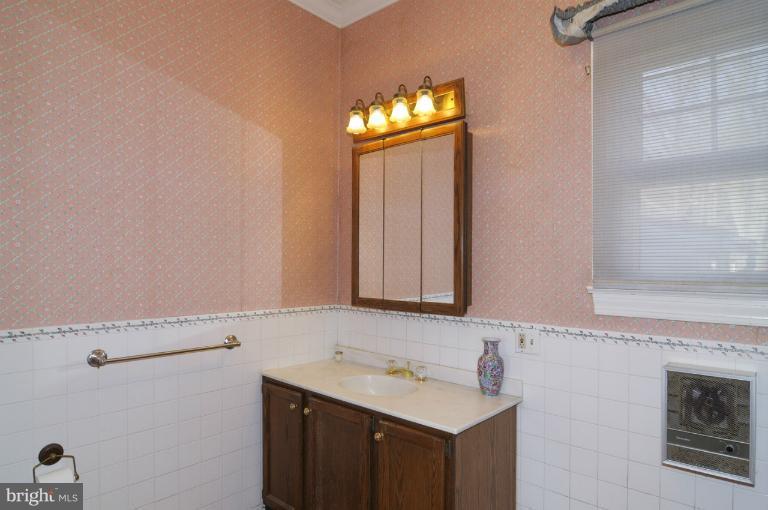 17214 Dr Bird Road Silver Spring, MD 20906 - Photo 11 of 30 Bath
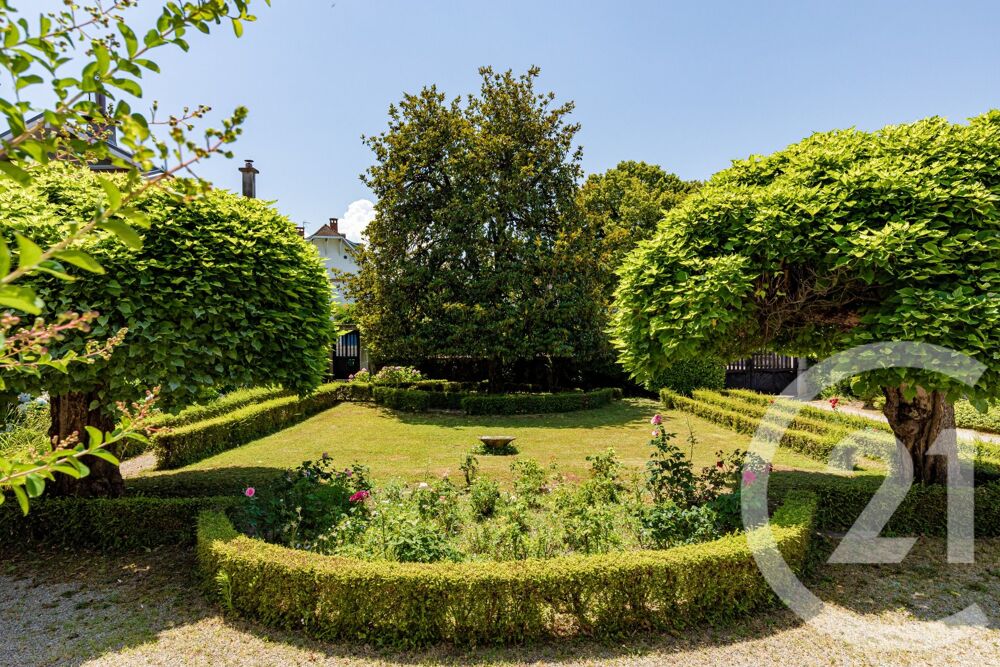 vente Maison - 9 pièce(s) - 230 m² Domène (38420)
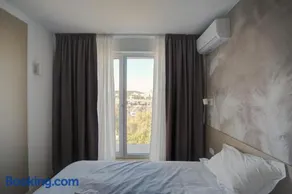 Hotel Bravo Iasi - Image 4
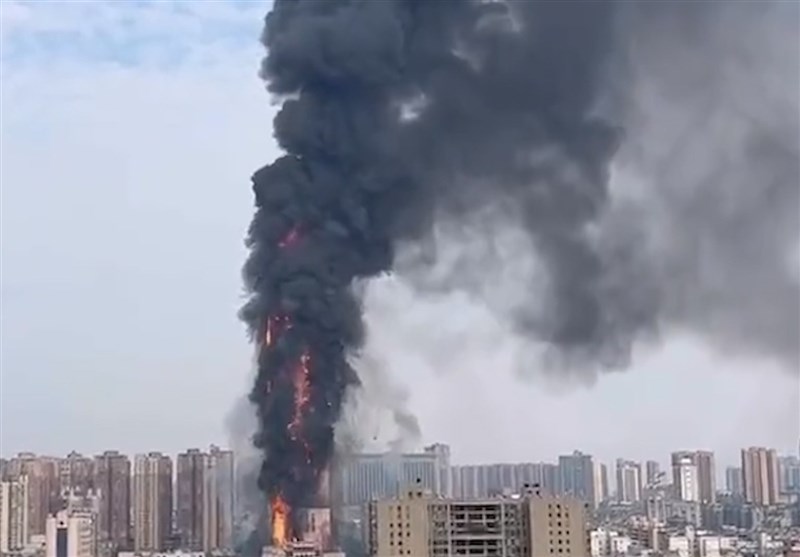 Major Fire Engulfs Skyscraper in Chinese City (+Video)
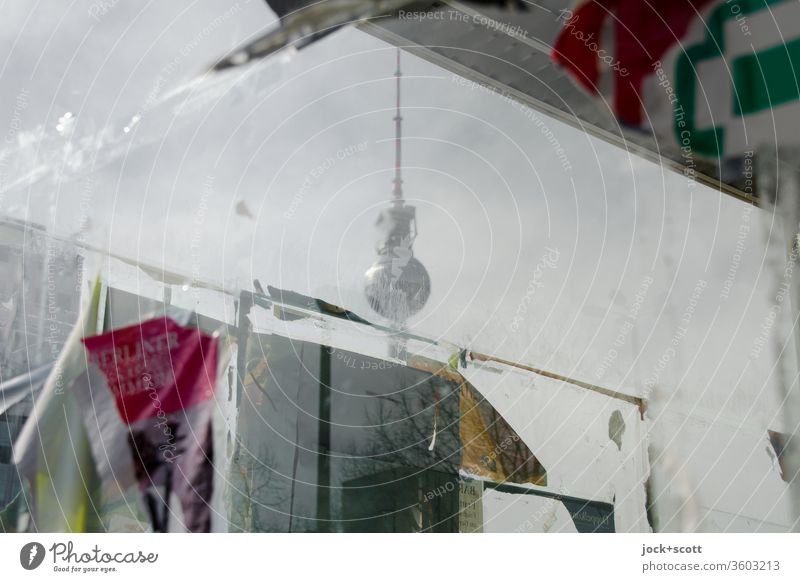 Wilde Plakataktion in der Mitte unserer Stadt Berlin-Mitte Wahrzeichen Berliner Fernsehturm komplex Fetzen Durchblick mehrschichtig Schaufenster Stadtzentrum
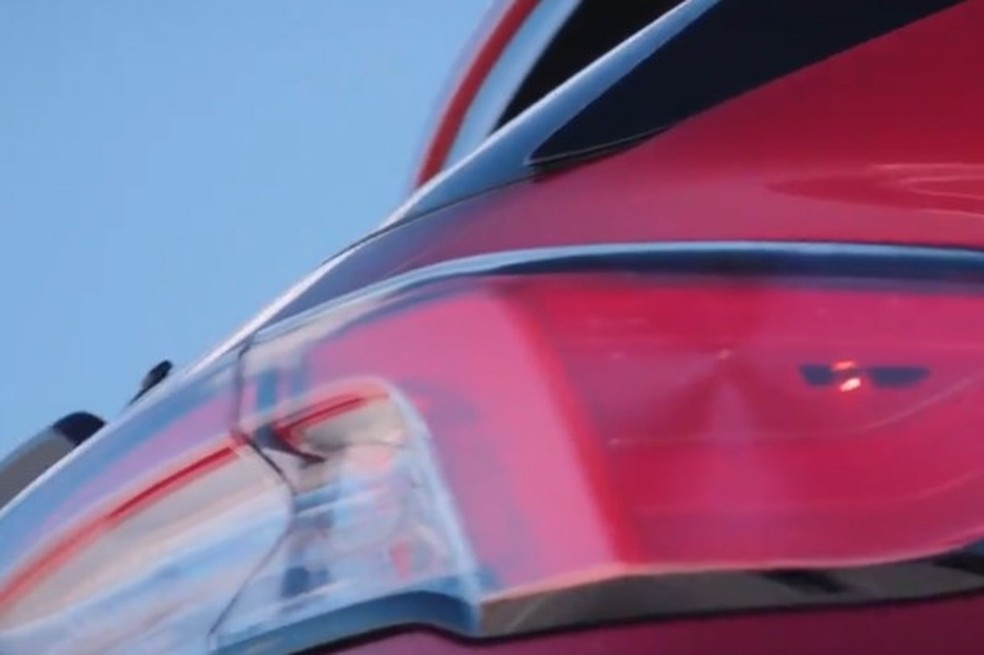 Lanternas do Ford Escape têm o jeito tridimensional do novo Focus (Foto: Divulgação) — Foto: Auto Esporte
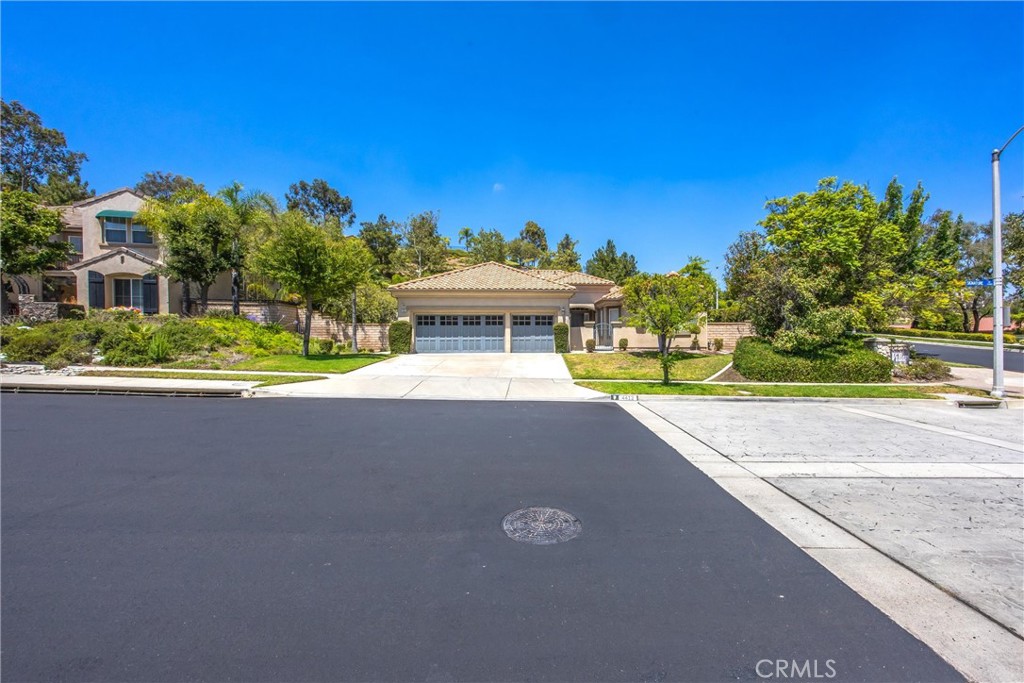 4412 Signature Dr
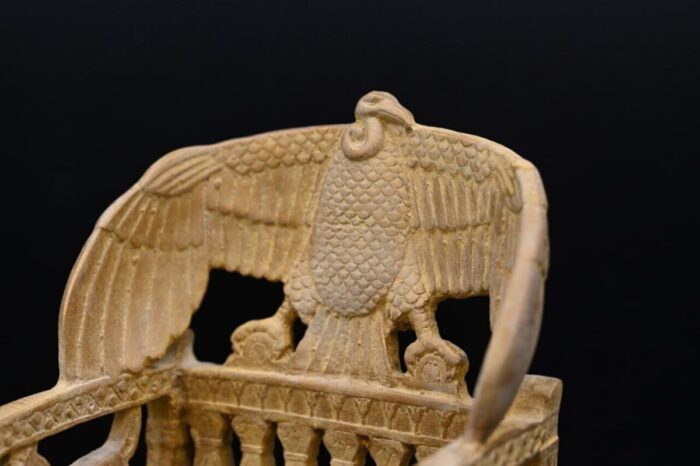 Throne of King Tutankhamun, Egyptian , Made in Egypt - صورة إضافية 8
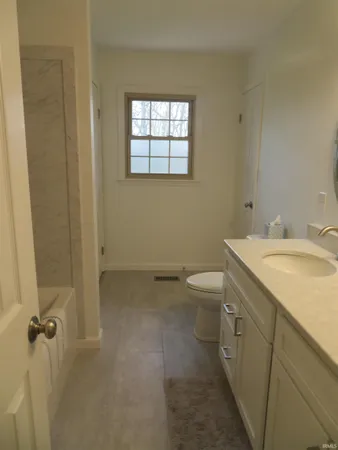 $390,000 | 7511 Meadow Lane, Newburgh, IN 47630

· · · ·

**Exercise goal:**
Repeat the data in full, exactly as it stands, but drop every picture.

**Task result:**
 17214 Dr Bird Road Silver Spring, MD 20906 - Photo 11 of 30 Bath
 vente Maison - 9 pièce(s) - 230 m² Domène (38420)
 Hotel Bravo Iasi - Image 4
 Major Fire Engulfs Skyscraper in Chinese City (+Video)
 Wilde Plakataktion in der Mitte unserer Stadt Berlin-Mitte Wahrzeichen Berliner Fernsehturm komplex Fetzen Durchblick mehrschichtig Schaufenster Stadtzentrum
 Lanternas do Ford Escape têm o jeito tridimensional do novo Focus (Foto: Divulgação) — Foto: Auto Esporte
 4412 Signature Dr
 Throne of King Tutankhamun, Egyptian , Made in Egypt - صورة إضافية 8
 $390,000 | 7511 Meadow Lane, Newburgh, IN 47630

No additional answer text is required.